Font (present location), Glebe, Co. Wicklow
Co. Wicklow |
Religious Objects
Sitting at the east end of the Church of Ireland in Wicklow town is a small stone font whose precise origins nobody can say for certain.
It is tub-shaped, carved from slaty limestone, and measures roughly 42 centimetres high by 56 centimetres wide, which gives it an almost squat, solid presence. The decoration is careful and considered: the upper edge of the front face carries cushion capitals, a rounded architectural detail borrowed from Romanesque stonework, and these give the top of the font an unexpectedly square appearance. Below them, the front face is worked into triangular panels that alternate between low and high relief, framed by raised mouldings. The sides and back carry sloping diamond patterns in low relief, and a raised band runs around the lower edge above a central drainage hole. The rim and the left front of the bowl are damaged, which is perhaps the only outward sign of the centuries this object has travelled.
The font is classified as early Norman or Romanesque in style, placing its likely origin somewhere in the twelfth or early thirteenth century, the period when the Normans were establishing themselves in Leinster and reshaping its ecclesiastical landscape.
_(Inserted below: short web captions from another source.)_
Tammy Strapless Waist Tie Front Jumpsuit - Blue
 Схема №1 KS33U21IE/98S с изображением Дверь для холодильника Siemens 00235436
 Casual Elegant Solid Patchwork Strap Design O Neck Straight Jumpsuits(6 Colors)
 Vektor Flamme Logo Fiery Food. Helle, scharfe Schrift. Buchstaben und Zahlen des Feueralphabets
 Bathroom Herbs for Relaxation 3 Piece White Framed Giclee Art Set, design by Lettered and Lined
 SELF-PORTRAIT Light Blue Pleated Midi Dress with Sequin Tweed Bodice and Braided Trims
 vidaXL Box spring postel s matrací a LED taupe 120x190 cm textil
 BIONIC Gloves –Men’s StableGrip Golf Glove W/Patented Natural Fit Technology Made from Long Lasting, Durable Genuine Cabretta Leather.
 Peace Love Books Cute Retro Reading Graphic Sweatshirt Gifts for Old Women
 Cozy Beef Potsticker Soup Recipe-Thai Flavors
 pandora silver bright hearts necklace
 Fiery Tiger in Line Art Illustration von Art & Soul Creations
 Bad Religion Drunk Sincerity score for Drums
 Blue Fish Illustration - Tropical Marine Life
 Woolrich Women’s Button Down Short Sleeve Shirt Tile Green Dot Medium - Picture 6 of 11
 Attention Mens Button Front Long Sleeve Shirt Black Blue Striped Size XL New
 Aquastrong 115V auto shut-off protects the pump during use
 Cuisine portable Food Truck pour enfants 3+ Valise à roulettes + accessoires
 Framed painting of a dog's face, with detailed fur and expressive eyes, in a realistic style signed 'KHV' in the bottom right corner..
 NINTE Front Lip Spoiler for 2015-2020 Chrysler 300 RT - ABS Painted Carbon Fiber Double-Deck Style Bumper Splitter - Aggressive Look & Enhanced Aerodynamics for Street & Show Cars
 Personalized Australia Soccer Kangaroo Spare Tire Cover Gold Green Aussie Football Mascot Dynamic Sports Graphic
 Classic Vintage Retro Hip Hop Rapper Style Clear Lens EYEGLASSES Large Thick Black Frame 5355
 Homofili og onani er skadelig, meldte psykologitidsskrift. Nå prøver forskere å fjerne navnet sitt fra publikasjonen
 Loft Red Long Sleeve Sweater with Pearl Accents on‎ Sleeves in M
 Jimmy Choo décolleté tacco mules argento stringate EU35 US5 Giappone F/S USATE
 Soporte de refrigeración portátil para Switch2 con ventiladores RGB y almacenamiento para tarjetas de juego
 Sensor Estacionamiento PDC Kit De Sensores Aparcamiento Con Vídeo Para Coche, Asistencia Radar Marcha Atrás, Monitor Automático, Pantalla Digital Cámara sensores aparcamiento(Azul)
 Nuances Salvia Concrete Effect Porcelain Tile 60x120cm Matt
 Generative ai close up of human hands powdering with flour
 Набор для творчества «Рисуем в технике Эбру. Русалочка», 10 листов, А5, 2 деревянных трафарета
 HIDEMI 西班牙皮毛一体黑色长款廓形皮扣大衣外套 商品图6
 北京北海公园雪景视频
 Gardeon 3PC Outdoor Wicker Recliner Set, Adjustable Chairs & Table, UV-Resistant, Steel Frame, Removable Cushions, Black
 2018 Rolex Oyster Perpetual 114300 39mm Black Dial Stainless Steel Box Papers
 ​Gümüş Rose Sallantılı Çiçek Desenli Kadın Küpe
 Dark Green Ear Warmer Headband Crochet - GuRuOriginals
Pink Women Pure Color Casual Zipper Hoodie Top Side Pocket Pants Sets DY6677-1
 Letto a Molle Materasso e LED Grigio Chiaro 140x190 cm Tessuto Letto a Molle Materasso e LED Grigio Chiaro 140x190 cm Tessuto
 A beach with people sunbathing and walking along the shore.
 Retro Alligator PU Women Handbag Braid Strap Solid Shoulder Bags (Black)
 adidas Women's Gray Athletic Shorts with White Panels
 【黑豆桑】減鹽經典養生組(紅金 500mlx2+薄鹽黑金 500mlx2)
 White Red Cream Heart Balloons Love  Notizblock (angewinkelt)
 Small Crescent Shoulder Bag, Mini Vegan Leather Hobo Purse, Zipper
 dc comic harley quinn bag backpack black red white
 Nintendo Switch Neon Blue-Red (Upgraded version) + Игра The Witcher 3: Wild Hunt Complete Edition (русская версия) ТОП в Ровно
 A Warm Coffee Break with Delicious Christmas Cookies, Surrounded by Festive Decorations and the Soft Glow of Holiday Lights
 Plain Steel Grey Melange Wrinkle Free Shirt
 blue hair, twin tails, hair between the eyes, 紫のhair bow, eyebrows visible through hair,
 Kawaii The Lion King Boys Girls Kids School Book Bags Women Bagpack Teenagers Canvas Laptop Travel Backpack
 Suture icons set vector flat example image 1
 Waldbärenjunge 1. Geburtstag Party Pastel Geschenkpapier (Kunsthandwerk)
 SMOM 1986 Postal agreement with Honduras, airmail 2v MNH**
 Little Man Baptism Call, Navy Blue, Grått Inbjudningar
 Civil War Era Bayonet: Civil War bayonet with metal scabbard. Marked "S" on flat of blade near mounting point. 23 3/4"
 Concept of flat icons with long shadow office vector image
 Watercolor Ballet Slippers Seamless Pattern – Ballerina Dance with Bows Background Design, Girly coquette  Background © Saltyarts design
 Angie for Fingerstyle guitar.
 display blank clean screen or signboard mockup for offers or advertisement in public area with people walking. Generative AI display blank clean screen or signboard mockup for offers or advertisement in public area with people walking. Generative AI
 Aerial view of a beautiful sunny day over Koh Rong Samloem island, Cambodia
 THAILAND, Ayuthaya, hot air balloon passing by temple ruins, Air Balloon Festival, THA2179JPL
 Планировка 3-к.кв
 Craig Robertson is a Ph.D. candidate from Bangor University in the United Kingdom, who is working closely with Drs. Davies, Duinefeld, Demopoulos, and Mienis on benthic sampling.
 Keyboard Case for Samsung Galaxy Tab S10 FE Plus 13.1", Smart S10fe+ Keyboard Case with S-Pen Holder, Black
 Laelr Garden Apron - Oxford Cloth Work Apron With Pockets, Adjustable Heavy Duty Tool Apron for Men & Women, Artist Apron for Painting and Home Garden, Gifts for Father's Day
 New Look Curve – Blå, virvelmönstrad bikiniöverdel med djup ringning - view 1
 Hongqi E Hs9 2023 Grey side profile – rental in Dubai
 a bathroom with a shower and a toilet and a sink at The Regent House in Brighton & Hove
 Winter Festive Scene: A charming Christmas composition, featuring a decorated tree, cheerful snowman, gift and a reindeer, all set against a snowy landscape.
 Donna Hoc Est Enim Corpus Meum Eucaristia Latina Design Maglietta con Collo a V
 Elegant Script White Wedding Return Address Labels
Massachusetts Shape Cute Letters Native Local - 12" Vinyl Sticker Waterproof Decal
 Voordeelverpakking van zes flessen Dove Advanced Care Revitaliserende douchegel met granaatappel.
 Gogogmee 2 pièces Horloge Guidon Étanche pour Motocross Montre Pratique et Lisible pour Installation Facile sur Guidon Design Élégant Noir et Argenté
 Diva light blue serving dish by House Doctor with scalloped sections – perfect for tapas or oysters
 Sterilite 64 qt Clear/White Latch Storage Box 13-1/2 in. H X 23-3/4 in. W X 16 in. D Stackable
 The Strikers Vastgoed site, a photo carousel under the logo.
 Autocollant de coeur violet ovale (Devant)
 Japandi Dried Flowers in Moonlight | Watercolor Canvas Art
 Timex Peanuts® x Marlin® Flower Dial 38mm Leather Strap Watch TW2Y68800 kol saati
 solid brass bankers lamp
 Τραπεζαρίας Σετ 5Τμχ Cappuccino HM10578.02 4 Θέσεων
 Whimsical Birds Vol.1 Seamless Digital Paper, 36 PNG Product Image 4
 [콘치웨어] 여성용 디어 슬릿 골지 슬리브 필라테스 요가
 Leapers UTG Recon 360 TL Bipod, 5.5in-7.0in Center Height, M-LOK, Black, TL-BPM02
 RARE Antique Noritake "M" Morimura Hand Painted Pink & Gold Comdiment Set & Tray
Where exactly it was made, and for which church, is not settled. One suggestion is that it was brought from a medieval church at nearby Glebe. A more probable explanation, put forward by archaeologist Chris Corlett, is that it came from a medieval church lying directly beneath the footprint of the present Church of Ireland building, a common situation in Irish towns where successive layers of Christian worship occupy the same ground. If that is correct, the font never really left its original parish at all; it simply outlasted the building that was raised around it and was set down in the grounds of its successor.